* [Your goal]:
Please restate the lines shown below exactly, every one of them.

[Crawled caption data]

——

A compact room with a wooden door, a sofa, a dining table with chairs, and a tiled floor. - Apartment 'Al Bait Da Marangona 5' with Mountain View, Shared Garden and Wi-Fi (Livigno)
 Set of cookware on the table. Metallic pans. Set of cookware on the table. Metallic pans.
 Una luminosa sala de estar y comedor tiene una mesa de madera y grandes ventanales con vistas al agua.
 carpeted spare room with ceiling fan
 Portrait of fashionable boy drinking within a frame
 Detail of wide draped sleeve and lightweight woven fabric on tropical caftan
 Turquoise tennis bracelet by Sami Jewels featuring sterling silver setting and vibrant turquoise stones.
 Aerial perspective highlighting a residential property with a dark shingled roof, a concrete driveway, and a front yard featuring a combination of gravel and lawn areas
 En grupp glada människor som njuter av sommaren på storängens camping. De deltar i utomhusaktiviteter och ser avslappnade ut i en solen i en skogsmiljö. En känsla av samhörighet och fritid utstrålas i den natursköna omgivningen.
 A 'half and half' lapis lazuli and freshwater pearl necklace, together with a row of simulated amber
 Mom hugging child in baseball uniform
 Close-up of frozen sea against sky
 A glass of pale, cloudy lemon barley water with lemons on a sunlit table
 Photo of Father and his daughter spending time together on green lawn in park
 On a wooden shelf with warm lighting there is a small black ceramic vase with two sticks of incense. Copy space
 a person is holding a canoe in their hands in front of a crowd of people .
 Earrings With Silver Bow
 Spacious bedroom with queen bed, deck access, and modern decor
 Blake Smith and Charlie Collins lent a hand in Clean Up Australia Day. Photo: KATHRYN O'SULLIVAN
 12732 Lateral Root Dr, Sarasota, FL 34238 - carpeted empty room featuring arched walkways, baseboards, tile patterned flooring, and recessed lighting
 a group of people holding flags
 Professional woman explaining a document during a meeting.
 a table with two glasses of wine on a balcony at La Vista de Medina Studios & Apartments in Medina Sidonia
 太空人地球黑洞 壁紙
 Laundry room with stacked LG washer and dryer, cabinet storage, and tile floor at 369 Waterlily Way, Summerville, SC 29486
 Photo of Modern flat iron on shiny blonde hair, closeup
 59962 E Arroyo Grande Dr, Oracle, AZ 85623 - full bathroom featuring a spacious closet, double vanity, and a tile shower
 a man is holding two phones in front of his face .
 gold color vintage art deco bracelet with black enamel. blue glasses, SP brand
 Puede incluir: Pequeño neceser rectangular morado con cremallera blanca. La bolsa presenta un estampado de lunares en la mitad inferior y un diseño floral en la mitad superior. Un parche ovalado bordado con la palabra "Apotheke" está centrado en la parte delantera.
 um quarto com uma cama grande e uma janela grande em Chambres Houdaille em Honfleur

——

* [Exercise response]:
A compact room with a wooden door, a sofa, a dining table with chairs, and a tiled floor. - Apartment 'Al Bait Da Marangona 5' with Mountain View, Shared Garden and Wi-Fi (Livigno)
 Set of cookware on the table. Metallic pans. Set of cookware on the table. Metallic pans.
 Una luminosa sala de estar y comedor tiene una mesa de madera y grandes ventanales con vistas al agua.
 carpeted spare room with ceiling fan
 Portrait of fashionable boy drinking within a frame
 Detail of wide draped sleeve and lightweight woven fabric on tropical caftan
 Turquoise tennis bracelet by Sami Jewels featuring sterling silver setting and vibrant turquoise stones.
 Aerial perspective highlighting a residential property with a dark shingled roof, a concrete driveway, and a front yard featuring a combination of gravel and lawn areas
 En grupp glada människor som njuter av sommaren på storängens camping. De deltar i utomhusaktiviteter och ser avslappnade ut i en solen i en skogsmiljö. En känsla av samhörighet och fritid utstrålas i den natursköna omgivningen.
 A 'half and half' lapis lazuli and freshwater pearl necklace, together with a row of simulated amber
 Mom hugging child in baseball uniform
 Close-up of frozen sea against sky
 A glass of pale, cloudy lemon barley water with lemons on a sunlit table
 Photo of Father and his daughter spending time together on green lawn in park
 On a wooden shelf with warm lighting there is a small black ceramic vase with two sticks of incense. Copy space
 a person is holding a canoe in their hands in front of a crowd of people .
 Earrings With Silver Bow
 Spacious bedroom with queen bed, deck access, and modern decor
 Blake Smith and Charlie Collins lent a hand in Clean Up Australia Day. Photo: KATHRYN O'SULLIVAN
 12732 Lateral Root Dr, Sarasota, FL 34238 - carpeted empty room featuring arched walkways, baseboards, tile patterned flooring, and recessed lighting
 a group of people holding flags
 Professional woman explaining a document during a meeting.
 a table with two glasses of wine on a balcony at La Vista de Medina Studios & Apartments in Medina Sidonia
 太空人地球黑洞 壁紙
 Laundry room with stacked LG washer and dryer, cabinet storage, and tile floor at 369 Waterlily Way, Summerville, SC 29486
 Photo of Modern flat iron on shiny blonde hair, closeup
 59962 E Arroyo Grande Dr, Oracle, AZ 85623 - full bathroom featuring a spacious closet, double vanity, and a tile shower
 a man is holding two phones in front of his face .
 gold color vintage art deco bracelet with black enamel. blue glasses, SP brand
 Puede incluir: Pequeño neceser rectangular morado con cremallera blanca. La bolsa presenta un estampado de lunares en la mitad inferior y un diseño floral en la mitad superior. Un parche ovalado bordado con la palabra "Apotheke" está centrado en la parte delantera.
 um quarto com uma cama grande e uma janela grande em Chambres Houdaille em Honfleur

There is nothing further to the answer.